■ PROBLEM DESCRIPTION: Restate, exactly as written, the entries below from the line that holds "Thumbnail: 2026 Audi RS Q8 - 11" through the line that holds "Lujerului Cetatuia 2". Pictures are not part of the copy.

■ DATA FOR REVIEW:
::::

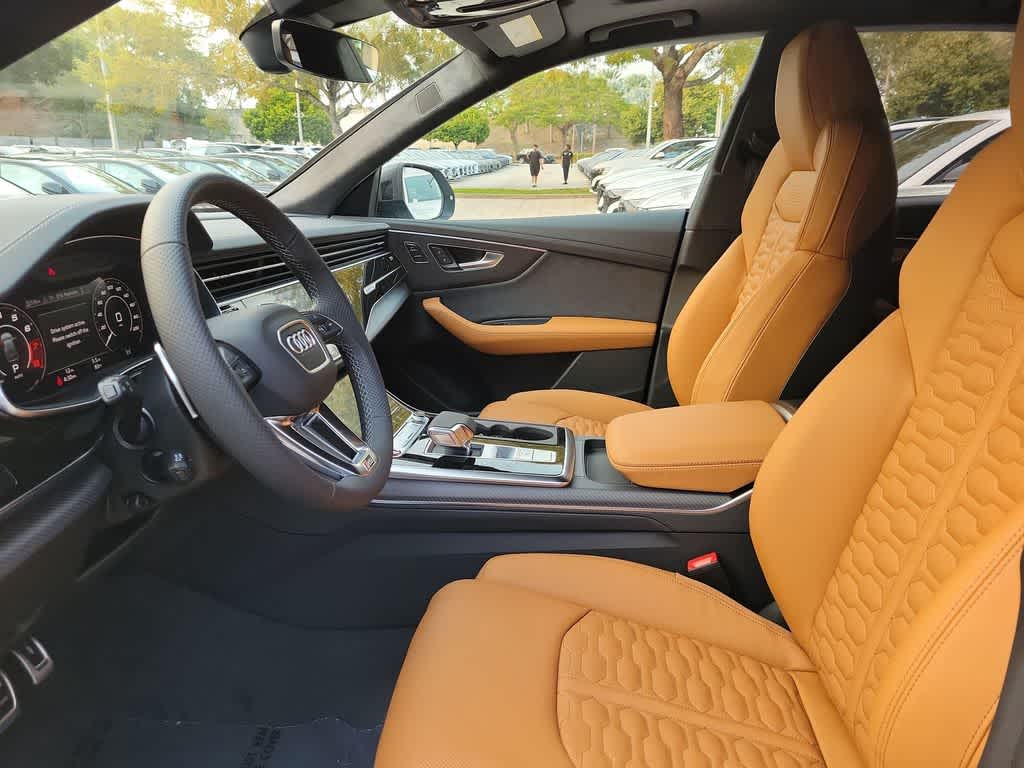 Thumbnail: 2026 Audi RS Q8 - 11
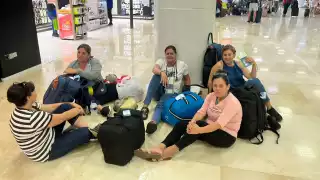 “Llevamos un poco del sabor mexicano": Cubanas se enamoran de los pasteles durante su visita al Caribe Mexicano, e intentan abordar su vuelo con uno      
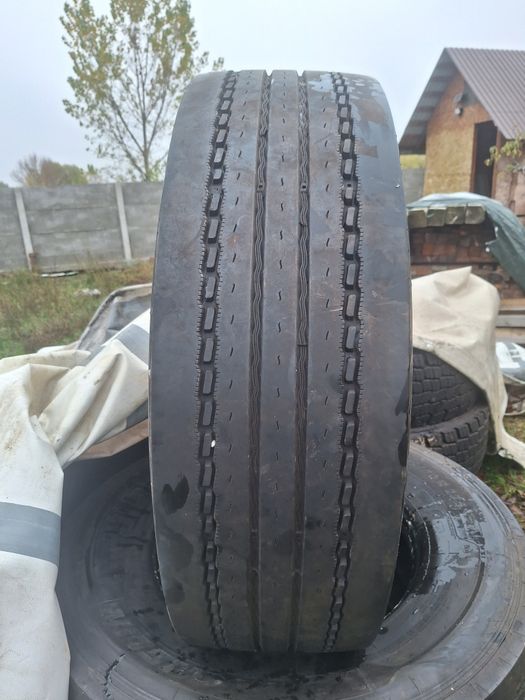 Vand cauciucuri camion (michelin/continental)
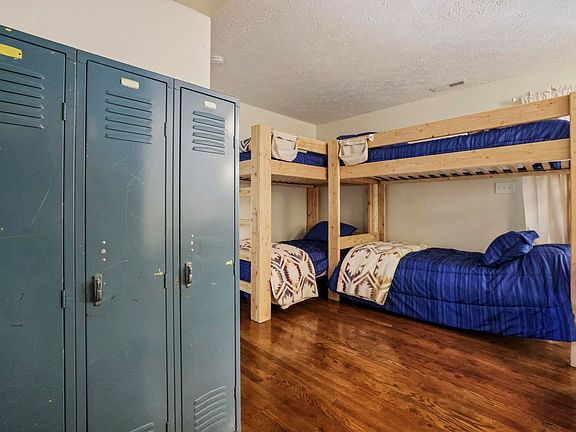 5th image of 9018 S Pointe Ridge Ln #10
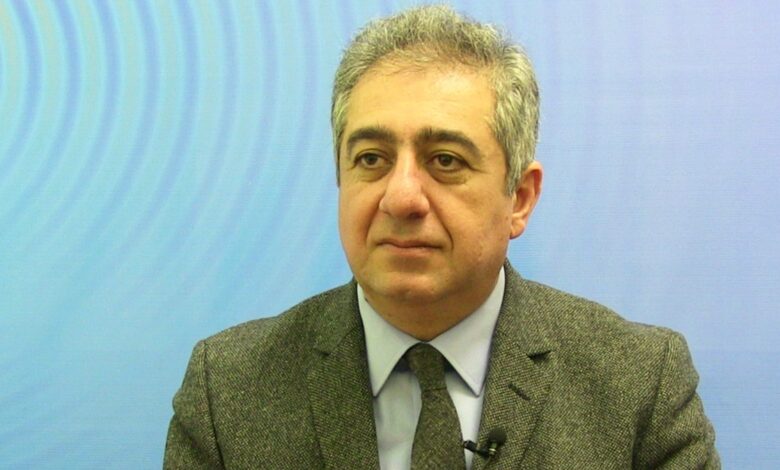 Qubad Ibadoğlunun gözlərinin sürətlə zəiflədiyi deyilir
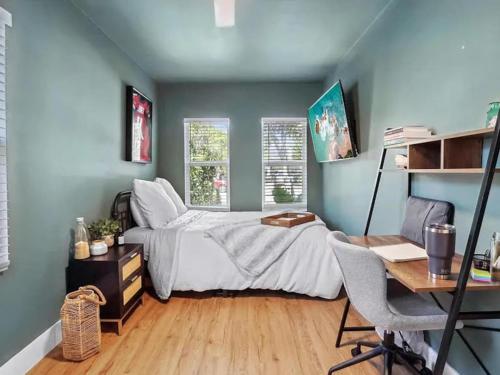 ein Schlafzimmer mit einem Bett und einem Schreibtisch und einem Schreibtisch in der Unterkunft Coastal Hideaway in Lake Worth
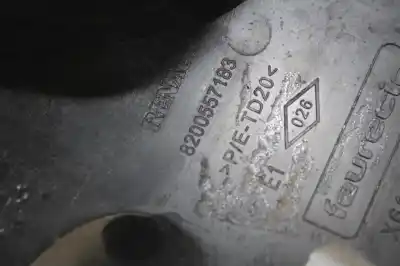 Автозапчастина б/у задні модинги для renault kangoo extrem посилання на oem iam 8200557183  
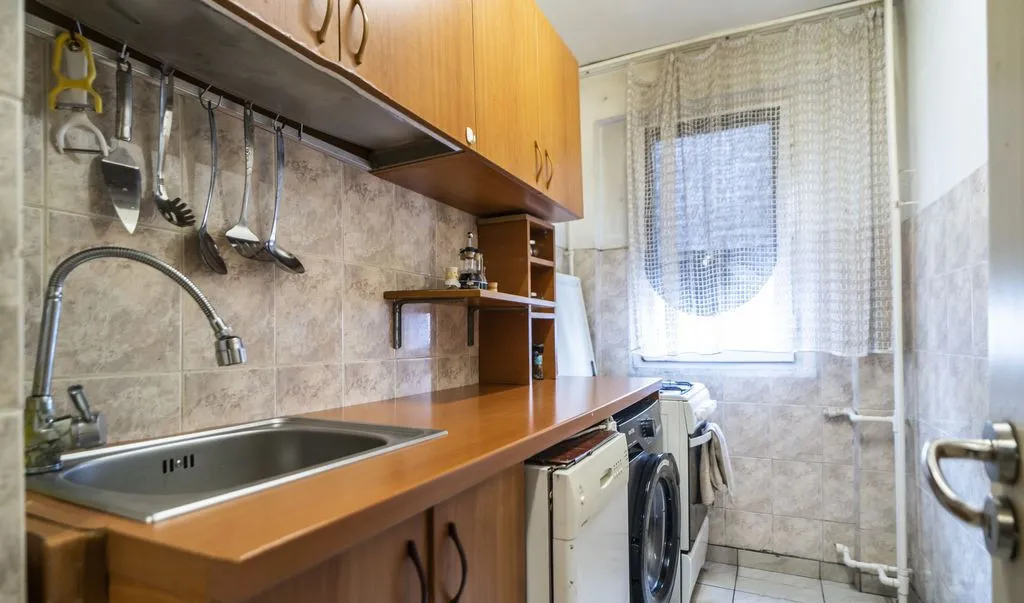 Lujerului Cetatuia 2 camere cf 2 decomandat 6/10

::::

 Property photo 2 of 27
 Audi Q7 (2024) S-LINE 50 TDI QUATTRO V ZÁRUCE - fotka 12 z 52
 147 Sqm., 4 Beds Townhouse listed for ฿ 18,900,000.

::::

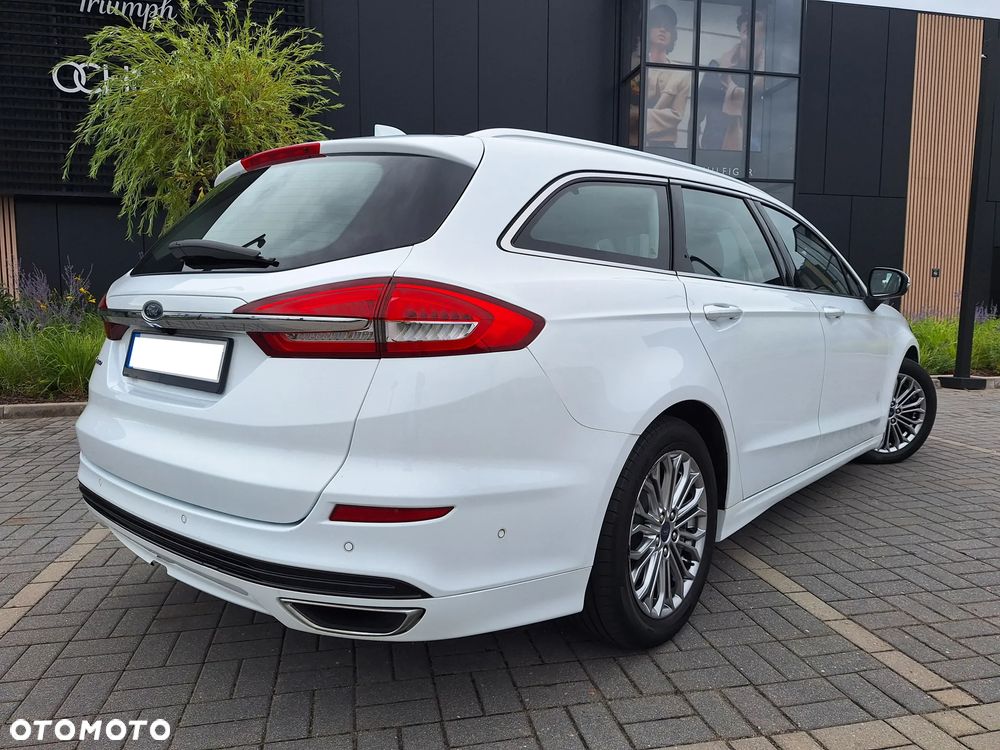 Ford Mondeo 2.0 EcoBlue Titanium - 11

::::

■ TASK SOLUTION:
 Thumbnail: 2026 Audi RS Q8 - 11
 “Llevamos un poco del sabor mexicano": Cubanas se enamoran de los pasteles durante su visita al Caribe Mexicano, e intentan abordar su vuelo con uno      
 Vand cauciucuri camion (michelin/continental)
 5th image of 9018 S Pointe Ridge Ln #10
 Qubad Ibadoğlunun gözlərinin sürətlə zəiflədiyi deyilir
 ein Schlafzimmer mit einem Bett und einem Schreibtisch und einem Schreibtisch in der Unterkunft Coastal Hideaway in Lake Worth
 Автозапчастина б/у задні модинги для renault kangoo extrem посилання на oem iam 8200557183  
 Lujerului Cetatuia 2 camere cf 2 decomandat 6/10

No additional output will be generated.